MultiScene (Experimental)
Scene objects in Satpy are meant to represent a single geographic region at a specific single instant in time or range of time. This means they are not suited for handling multiple orbits of polar-orbiting satellite data, multiple time steps of geostationary satellite data, or other special data cases. To handle these cases Satpy provides the MultiScene class.

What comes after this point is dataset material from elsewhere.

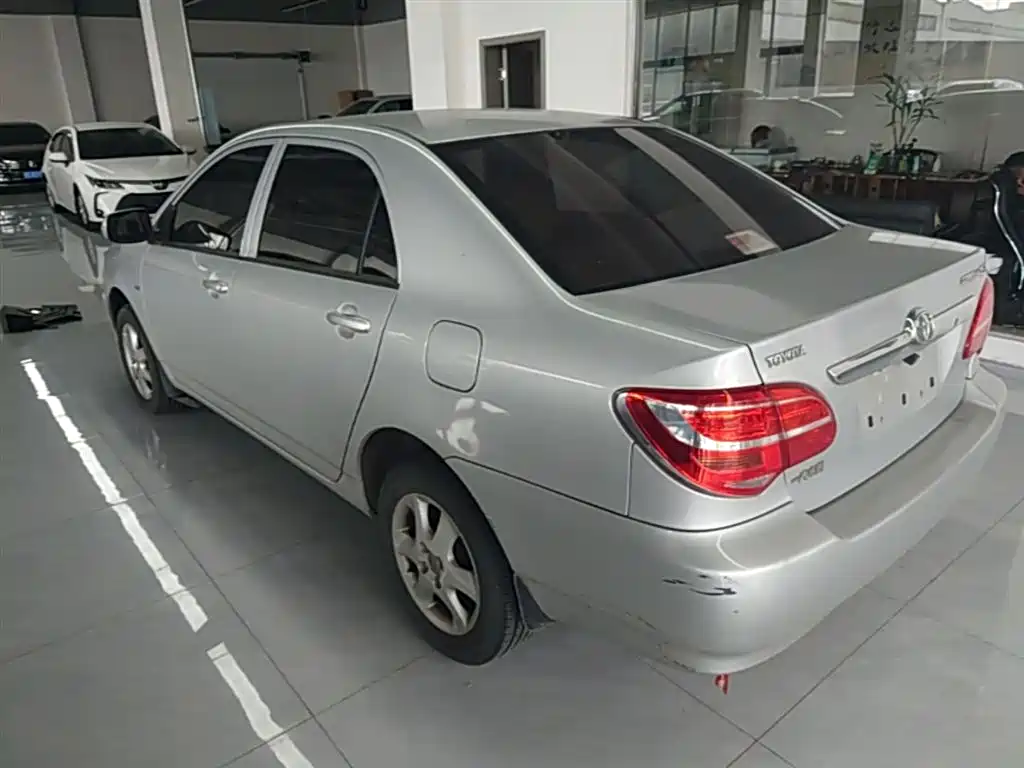 Toyota Corolla 2013 1.6L Automatic Excellence Edition фото 5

The below examples will walk through some basic use cases of the MultiScene.
Warning
These features are still early in development and may change overtime as more user feedback is received and more features added.
MultiScene Creation
There are two ways to create a MultiScene
. Either by manually creating and
providing the scene objects,
>>> from satpy import Scene, MultiScene
>>> from glob import glob
>>> scenes = [
... Scene(reader='viirs_sdr', filenames=glob('/data/viirs/day_1/*t180*.h5')),
... Scene(reader='viirs_sdr', filenames=glob('/data/viirs/day_2/*t180*.h5'))
... ]
>>> mscn = MultiScene(scenes)
>>> mscn.load(['I04'])
or by using the MultiScene.from_files
class method to create a MultiScene
from a series of files. This uses the
group_files()
utility function to group files by start
time or other filenames parameters.
>>> from satpy import MultiScene
>>> from glob import glob
>>> mscn = MultiScene.from_files(glob('/data/abi/day_1/*C0[12]*.nc'), reader='abi_l1b')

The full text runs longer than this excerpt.